So, when I got iOS 14 installed, I noticed that Apple had added a new app to rival Google Translate. Apple Translate. Given that I am studying Chinese and Japanese, I took keen interest in the Apple Translate app and decided to compare it to Google Translate.
The reason I use Google Translate is if I’m typing to someone in Chinese or Japanese, I can type in the pinyin (Chinese in Romanized letters) or the romaji (Japanese in Romanized letters) and the appropriate characters will come up. Well, most of the time! Given the number of homophones in both languages, sometimes typing in the pinyin or romaji isn’t enough! In the case of Chinese, sometimes I’ll speak into Google Translate to make sure it gets the tone right, too.
Or, I’ll just go to the Chinese and Japanese dictionaries I have installed on my phone as a backup. “Pleco” is my go to dictionary for Chinese and an app simply titled “Japanese” is my go to dictionary for Japanese. I’ll simply find the character I want to use and go on my merry way.

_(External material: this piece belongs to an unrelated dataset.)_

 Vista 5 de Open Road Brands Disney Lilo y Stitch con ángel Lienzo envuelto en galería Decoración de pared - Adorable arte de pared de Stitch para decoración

So, where does Apple Translate fit in all this? I have found Apple Translate to be better for Chinese and Japanese because as you type in the pinyin or romaji, it allows you to select the character you are intending to use as opposed to making an assumption based on the context of what you are writing. This is how keyboards work for people in China and Japan when they text their friends. They type in the pinyin or romaji, find the appropriate character, punch it in, and keep going. As a learner of Chinese and Japanese, it helps to simulate the same type of experience native speakers have. Also, it helps you better learn the characters because you get to pick which one you are referring to as opposed to having Google translate figure it out for you.
As far as voice dictation is concerned, I have found both Google Translate and Apple Translate to be really good at recognizing the tones in Chinese. Japanese doesn’t have tones, though it has something called pitch accent. For Japanese as well, I haven’t noticed a difference between the two in terms of translating my speech.
So, if you are looking for a general translating app to use, both are fine and will get the job done for you. But, if you are learning Chinese and Japanese like I am and are looking for a tool that can help you text in those languages, Apple Translate has the edge. It helps you learn the characters better and also is more straight forward because you pick the appropriate character when you type in the pinyin/romaji as opposed to having the translator make an educated guess for you.
Note: For those that are curious how to find the dictionaries in the App store, “Pleco” is blue and has the character of the fish on it (鱼) in white. “Japanese” is red and has “日本語” written on it off to the right in small, white script. For those that don’t know Japanese, “日本語” means "Japanese" in Japanese.